Accused Racketeering Boss Michael Miske Jr.’s Federal Trial Begins with Jury Selection and Over 900 Potential Witnesses

HONOLULU, Hawaii – The trial of accused racketeering boss Michael Miske Jr. is set to begin on Monday with the selection of a jury. Miske, a longtime business owner in Honolulu, was arrested more than three years ago in a federal criminal conspiracy case. The trial is expected to involve over 900 witnesses and several former co-defendants who have reached plea deals.

Empaneling an impartial jury will be the initial challenge in this high-profile case, which includes allegations of obstruction of justice and witness tampering. Potential jurors have already expressed concerns about their safety and the safety of their families.

Miske, along with his half-brother John Stancil and Delia Fabro-Miske, his late son’s widow, face multiple charges related to their alleged involvement in a racketeering conspiracy led by Miske. Miske and Stancil have been in custody since their arrest in July 2020, while Fabro-Miske was charged in July 2021.

The most serious charges against Miske include conspiracy to kidnap and murder Johnathan Fraser, whom he falsely accused of causing a car crash that killed Miske’s son Caleb. Fraser, who went missing in 2016, has never been found. Miske is also charged with assault, drug distribution, robbery, and bank fraud.

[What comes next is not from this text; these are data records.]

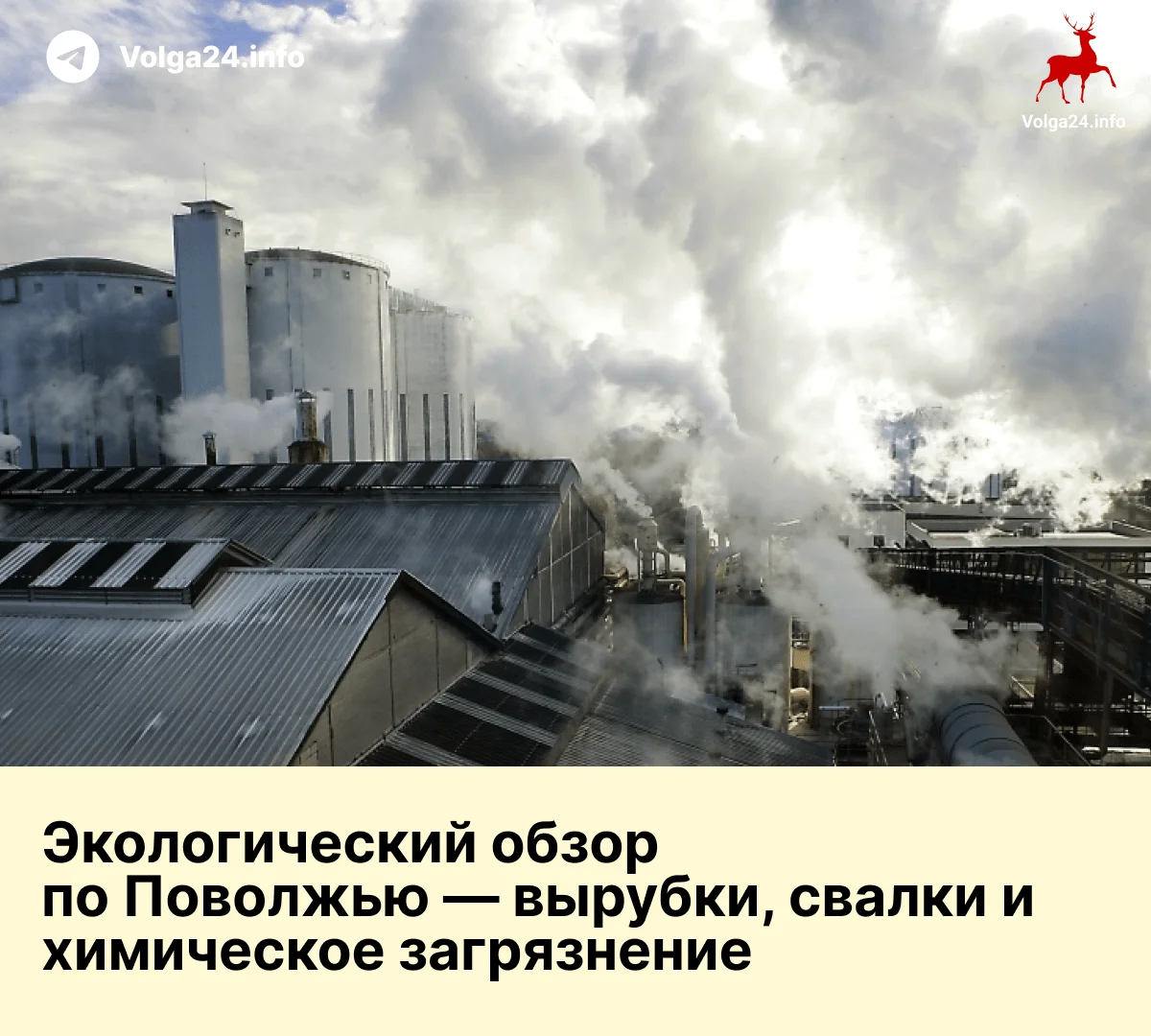 Экологический обзор по Поволжью — вырубки, свалки и химическое загрязнение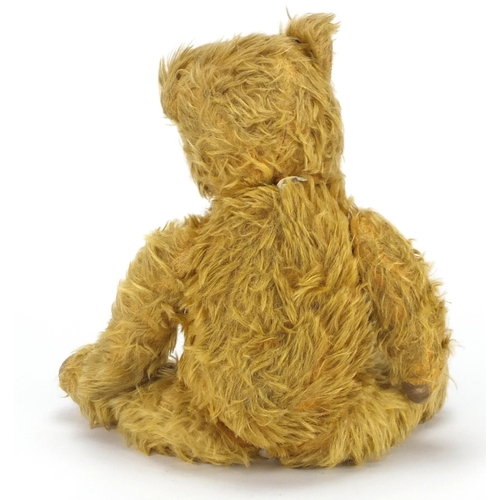 557 - Vintage golden straw filled teddy bear, with articulated limbs and glass bead eyes, 38cm high
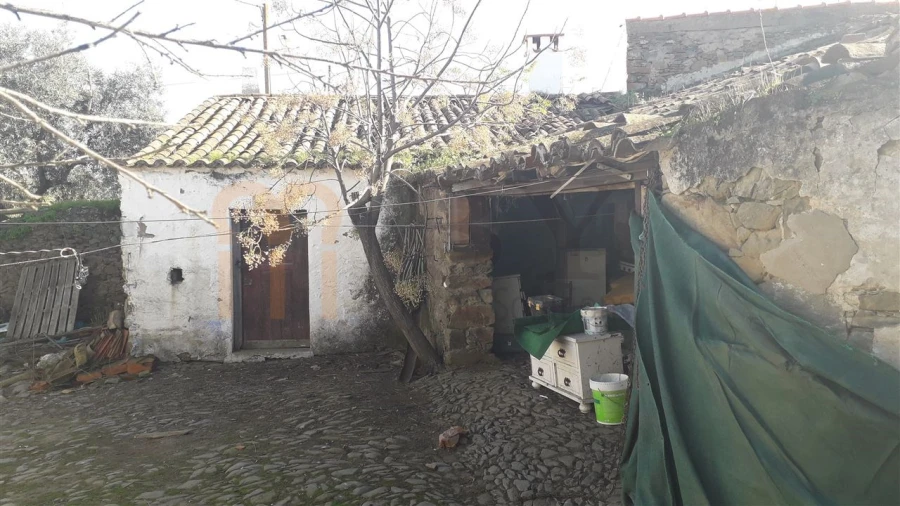Terreno para Venda em São Miguel do Pinheiro, São Pedro de Solis, São Sebastião dos Carros Foto 2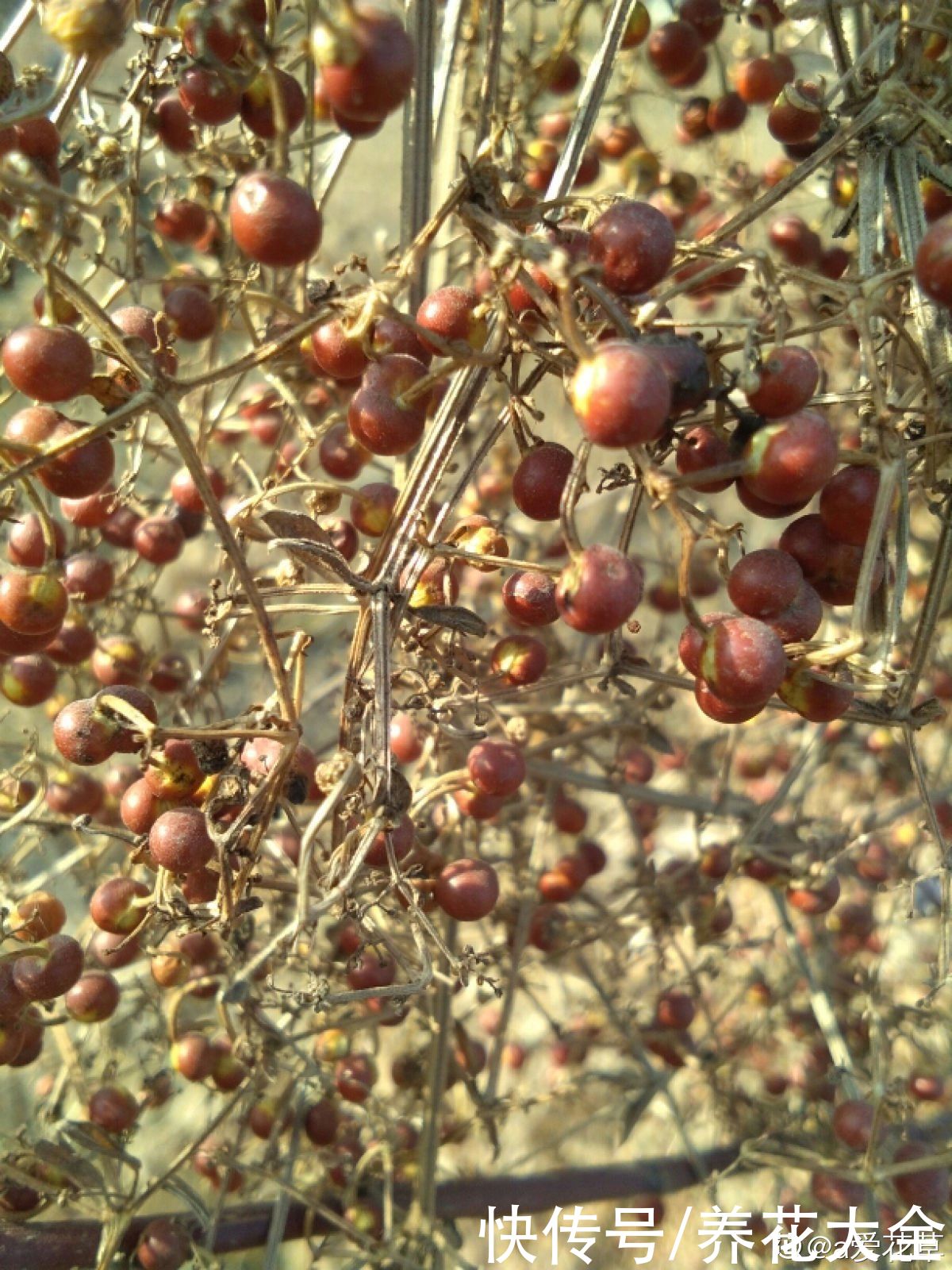 6种植物，是天然的染色剂，古代只有皇家才能用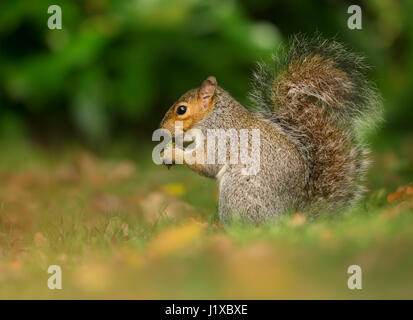 Scoiattolo grigio mangiare Foto Stock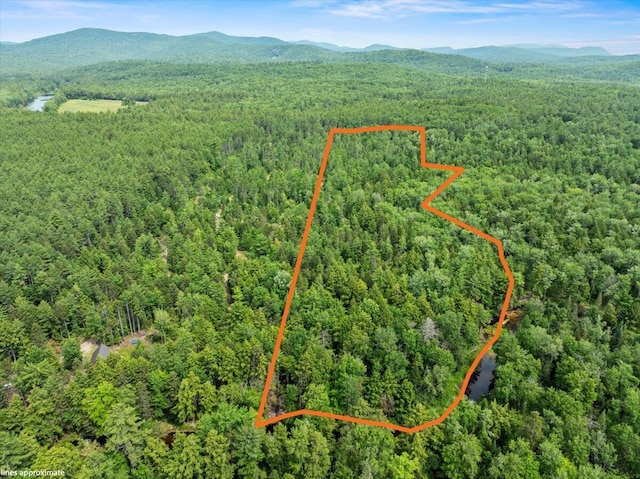00 Pratt Rd, Parsonsfield, ME 04047 - photo 1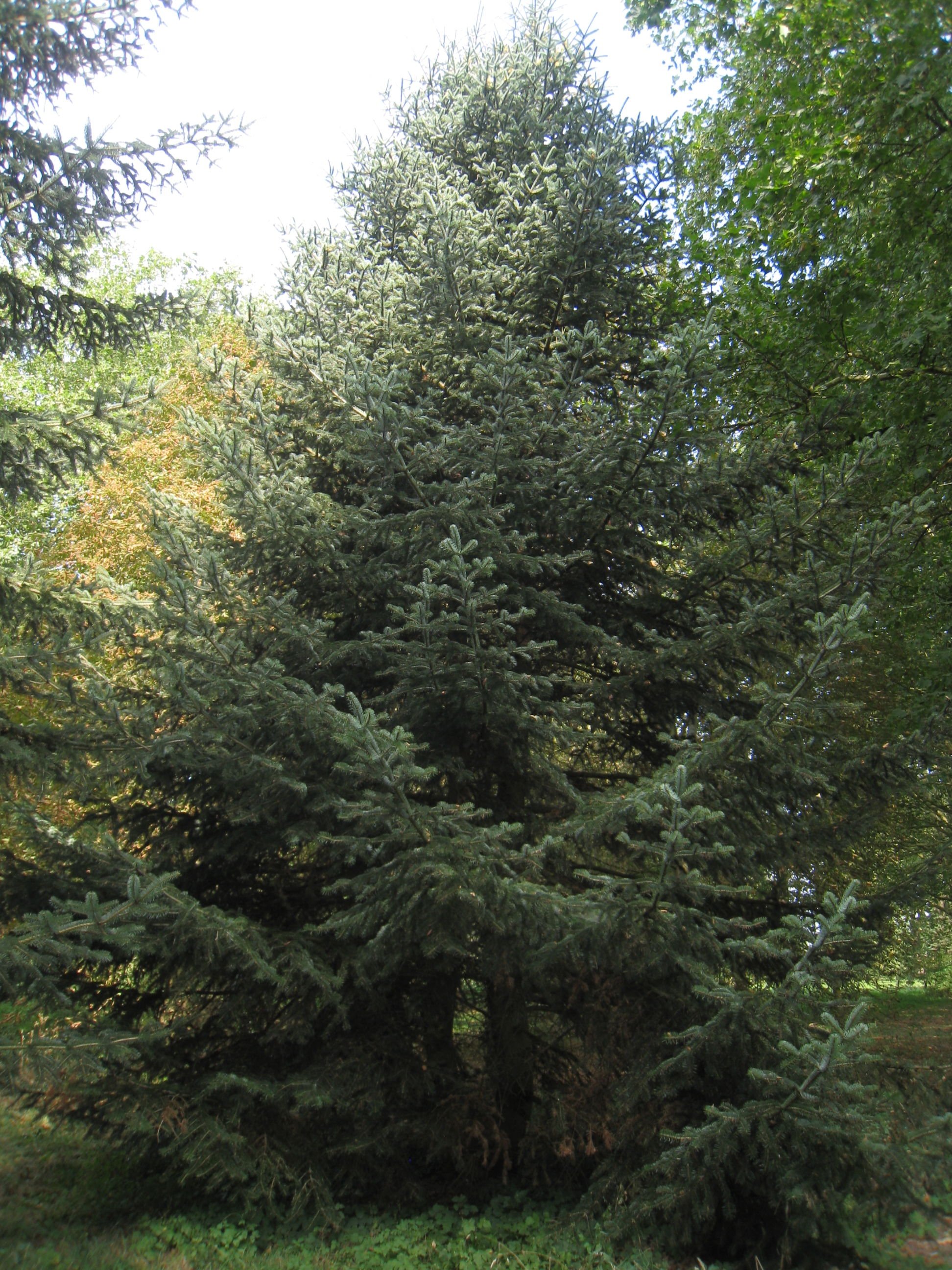 abies cephalonica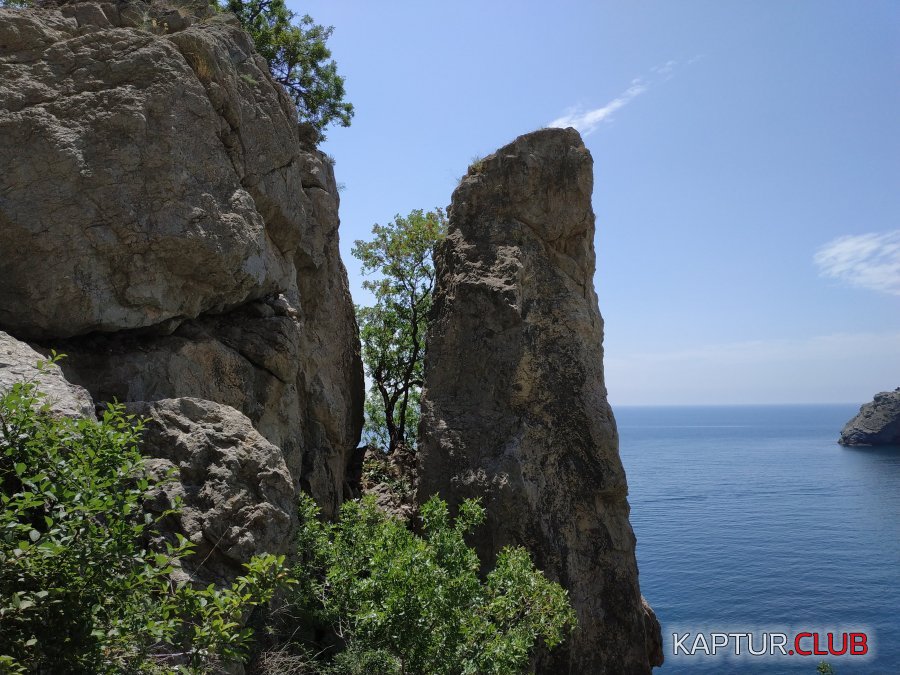 PIC_20190604_120920892.jpeg | Рено Каптур Клуб Россия | Форум KAPTUR.SU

Stancil faces charges related to drug offenses and violent crimes, while Fabro-Miske is charged with bank fraud and racketeering conspiracy. All three defendants have pleaded not guilty.

The trial has faced numerous delays due to defense motions and the extensive amount of evidence involved, including over 2 million pages of documents and digital data. The jury selection process will be conducted individually to ensure potential jurors can answer questions honestly without any peer pressure.

Once a jury is selected, there will be a two-day evidentiary hearing followed by opening statements. Prosecutors have listed 947 potential witnesses, while the defense has listed 323 witnesses.

This trial is significant and comparable to the high-profile case of former Honolulu Police Chief Louis Kealoha, who was convicted in 2019 in one of the state’s biggest corruption scandals.

The trial of Michael Miske will be closely watched, and its outcome could have a significant impact on the community.